On Friday police raided the shop. They didn't say whether they found anything suspicious, and the owner could not be reached for comment. But no one doubted what the searchers wanted: evidence in the four coordinated rush-hour bombings that killed at least 55 bus and subway riders in London on the morning of July 7. The bookstore's neighborhood was once home to three of the four suicide bombers. Mohammed Sidique Khan lived a block away on Stratford Street when he was a boy, before his family moved to another neighborhood nearby. Shahzad Tanweer used to live just around the corner. Hasib Hussain lived minutes away. They all knew each other.

Beeston's residents seem as baffled as anyone else by what could possibly have transformed the local boys into terrorists. Investigators on four continents are now urgently trying to answer the question. They're increasingly convinced that the London bombers could not have planned or carried out their bloody mission without guidance from at least one trained terrorist--a "skill-set operative," in the jargon of counterterror experts. As evidence continued to pile up last week, investigators found it increasingly plausible that Al Qaeda might have had a direct hand in the bombings. "What we expect to find at some stage is that there is a clear Al Qaeda link, a clear Al Qaeda approach," said Metropolitan Police Commissioner Ian Blair.

British and American officials close to the inquiry (they can't be named for fear of compromising the investigation) say that as far as they can tell, none of the four ever attracted serious attention from British police or intelligence agents who track Islamic extremists. Yet two of the suspected bombers appear to have had at least tangential connections to terror suspects from an earlier case. The most mysterious member of the bombers' group has been identified by British investigators as Germaine Lindsay, 19, a Jamaican-born British citizen and Muslim convert who has lived both in Leeds and in the town of Aylesbury, roughly 170 miles away. Some investigators now think he may have been the team leader. How he might have joined up with the others is still unclear.

Some American officials, who render the Jamaican bomber's name as Jermaine Maurice Lindsay, say he was on a list of some 2,000 names collected last year in connection with Operation Crevice, a British and Pakistani joint police action aimed at foiling an alleged terror plot.
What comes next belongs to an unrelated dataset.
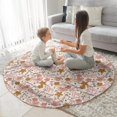 thumbnail image 3 of Breast Cancer Awareness Pink Ribbon Floral Pattern Round Blanket,Comfortable Soft Flannel Throw Blanket,All Season,Warm Lightweight Blankets for Sofa Bed Couch Living Room Chair 60"x60", 3 of 5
It appears that Lindsay had contact with someone under scrutiny in the case, which concerned a scheme to blow up London's Heathrow airport or some other target of similar magnitude. But the Jamaican, who American investigators say visited his mother in Cleveland more than once during the 1990s, was never listed as a major terror suspect, and some British officials deny they ever had him in their sights. Investigators say Mohammed Sidique Khan's name also surfaced in the Operation Crevice inquiry, which ended with the arrest of eight British-born ethnic Pakistanis. (Those eight appear to be in custody, awaiting trial, although Britain's restrictive press laws have circumscribed media coverage of the story.)

Lindsay's alleged partners were a mixed bunch. Khan, 30, worked with special-needs kids at Hillside Primary School and was the married father of an 8-month-old daughter. "He was a nice bloke," said Fred Dibner, 35, clutching a tabloid newspaper with Khan's photo on the front page and gently leading his tearful 9-year-old son out of the school gates. "He helped Joe catch up after he missed six months of school." People liked 22-year-old Tanweer as well, says Abbas Hanif, a regular customer at the family-owned fish-and-chips shop where Tanweer worked as a counterman. "He was a nice guy, peaceful," says Hanif. "He liked sports." Hussain, 18, was a successful business student at a local vocational school. Neighbors said he once had a wild streak but became more disciplined after a trip to Pakistan a couple of years ago.